TEL AVIV – Lebanese Prime Minister Saad Hariri urged the UN Friday to help Lebanon reach a permanent ceasefire with Israel to end the Jewish state’s “continuous violations.”
“I urge the UN secretary-general to support efforts to secure, as soon as possible, a state of permanent ceasefire. This is long overdue and my government is committed to move this agenda forward,” Reuters quoted Hariri as saying.
Hariri made his remarks during a visit to south Lebanon, a day after Hezbollah organized a media tour for journalists along the Lebanon-Israel border.

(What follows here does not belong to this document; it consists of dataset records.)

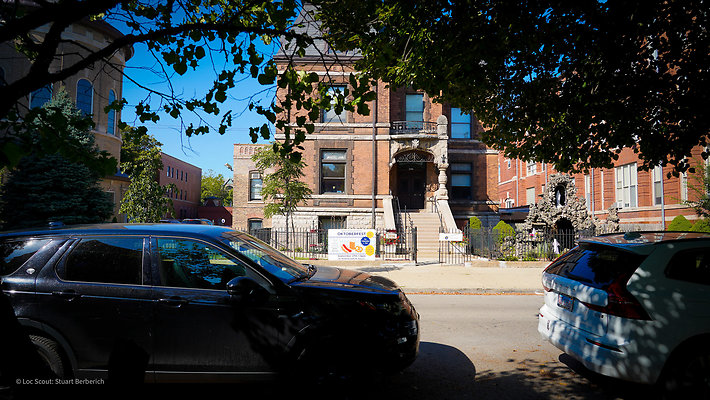2229 N Hoyne Ave 31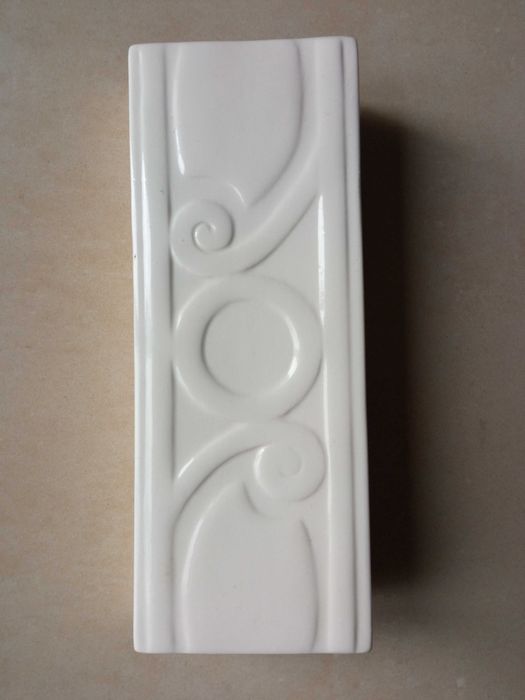 Nawilżacz powietrza ceramiczny płaski do mocowania na grzejniku Relief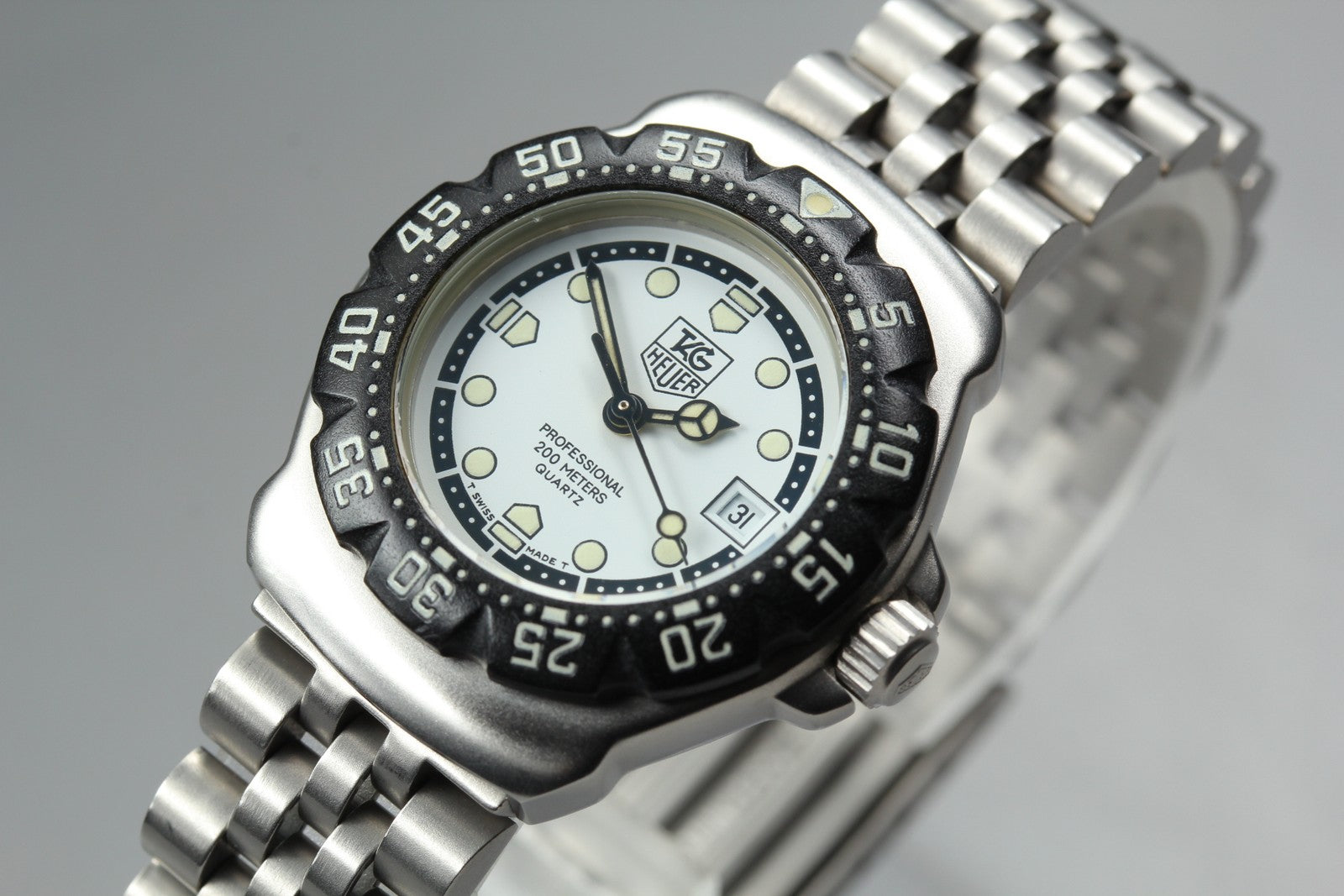 Vintage TAG Heuer Formula 1 WA1418 White Quartz Women's Watch 28mm From JAPAN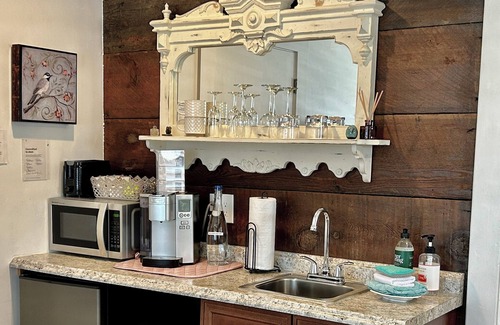 Paso Robles House | Perched on Pine: Endless Downtown Fun!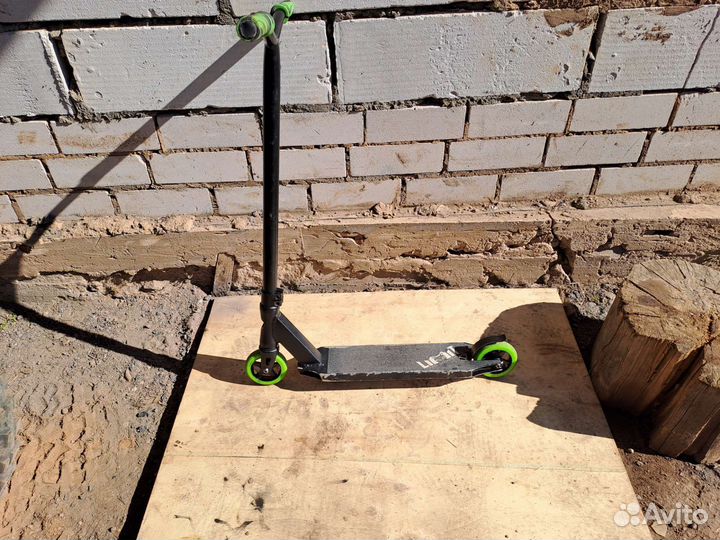 Трюковой самокат limit lmt 60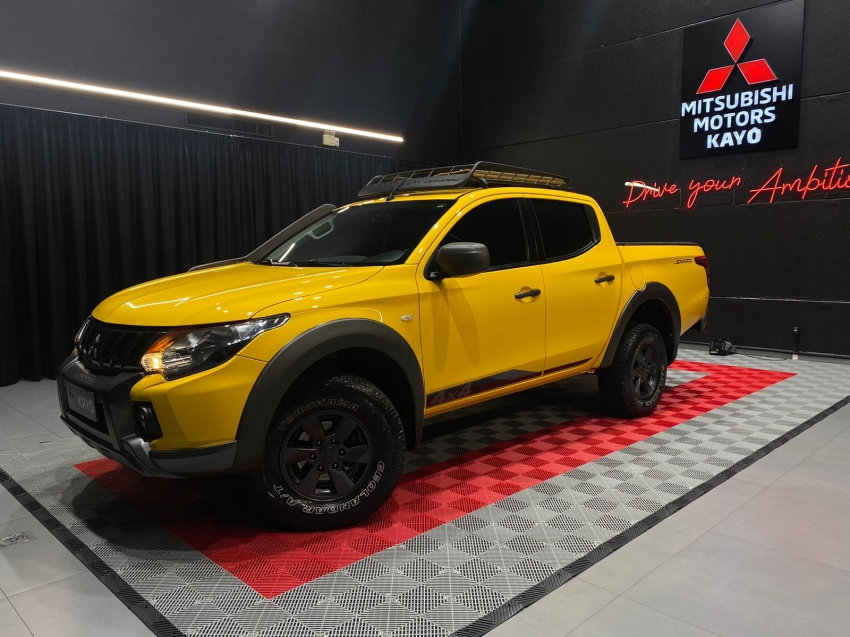 mitsubishi l200 triton 2.4 16v turbo diesel savana gls cd 4x4 automatico 4p 2023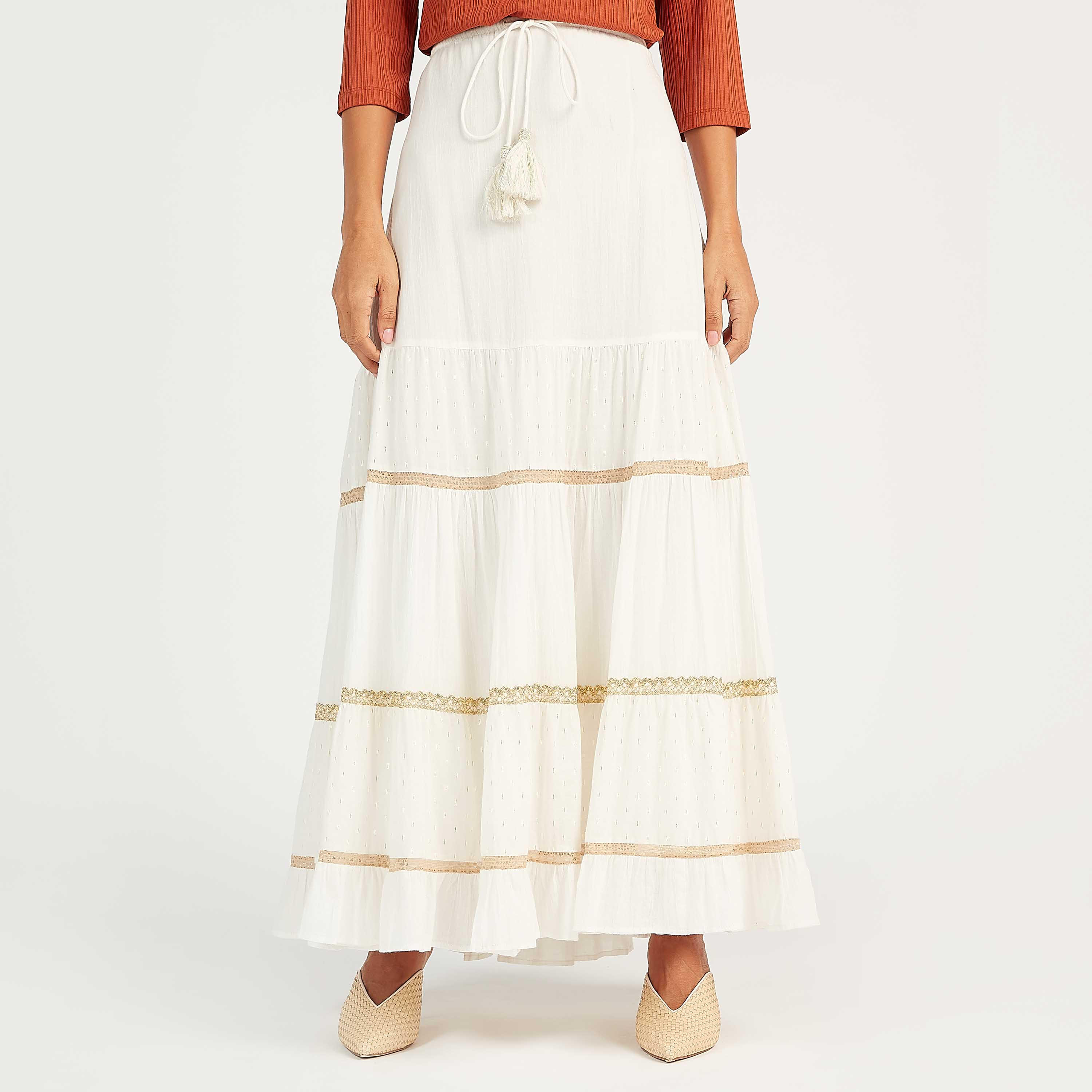 تنّورة مستدامة إيه لاين طويلة بتفاصيل دانتيل ورباط إغلاق-women-clothing-bottoms-skirts-image-1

The Lebanese leader slammed the tour organized by Hezbollah, saying “the Lebanese armed forces … are the only legitimate force in charge of defending our borders.”
During the tour, members of the terror group paraded their arms despite UN resolution 1701, passed at the end of the Second Lebanon War in 2006, which prohibits weapons so close to the demarcation line.
Hariri distanced himself from Hezbollah’s violations, saying, “What happened yesterday is something that we, as a government, are not (involved) with and do not accept.”
However, he added, “there are political differences (with Hezbollah) that we put aside, and this is one of them.”
“I came here to emphasize that our role as a government is to preserve Resolution 1701,” Hariri said.
Hezbollah’s tour depicted Israel as changing tactics from offensive to defensive. According to the Shiite group, Israel is not interested in engaging in another round of conflict with Hezbollah, which, on the other hand, is fully prepared for war despite its involvement in Syria.
Hariri is the son of former prime minister Rafik Hariri, whose 2005 assassination was blamed on Hezbollah.